(Data shown)
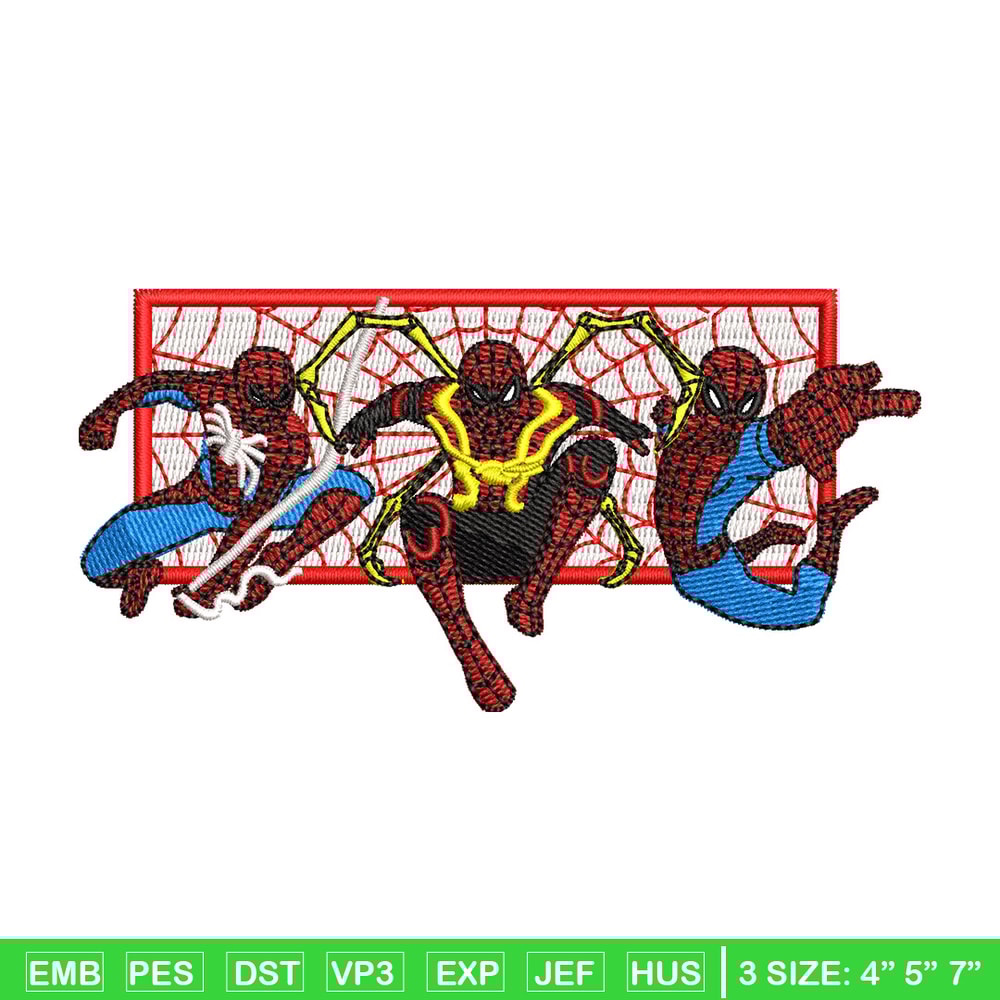 Spiderman box embroidery design, Spiderman embroidery, Emb design, Embroidery shirt, Embroidery file, Digital download.jpg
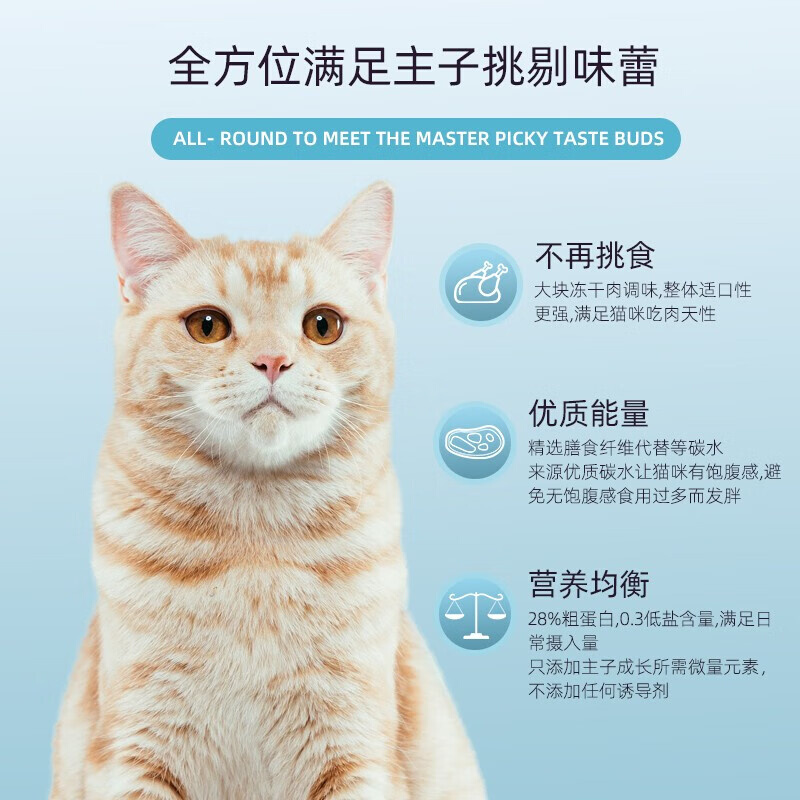 亿迪猫粮冻干双拼全价成猫幼猫蓝猫英短橘猫加菲美短通用粮4kg - 图3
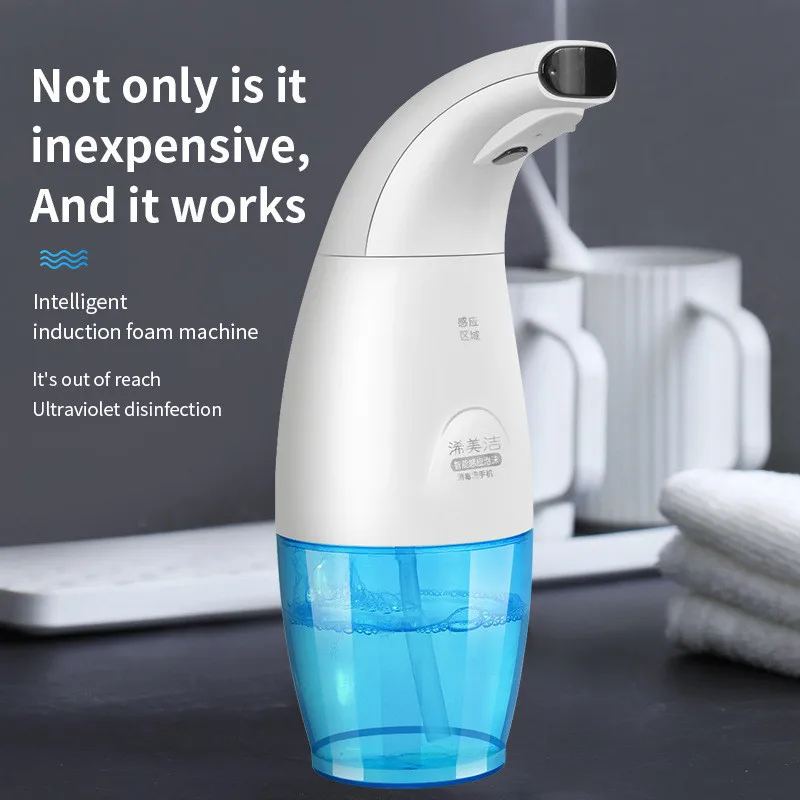 Automatic USB Charge Sensing Foam Soap Dispenser Contactless Sensor Liquid Distributor Bathroom Mobile Phone
Automatic USB Charge Sensing Foam Soap Dispenser Contactless Sensor Liquid Distributor Bathroom Mobile Phone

(Exercise details) All that's required is the material above repeated exactly, minus any picture.

(Completed exercise)
 Spiderman box embroidery design, Spiderman embroidery, Emb design, Embroidery shirt, Embroidery file, Digital download.jpg
 亿迪猫粮冻干双拼全价成猫幼猫蓝猫英短橘猫加菲美短通用粮4kg - 图3
 Automatic USB Charge Sensing Foam Soap Dispenser Contactless Sensor Liquid Distributor Bathroom Mobile Phone
Automatic USB Charge Sensing Foam Soap Dispenser Contactless Sensor Liquid Distributor Bathroom Mobile Phone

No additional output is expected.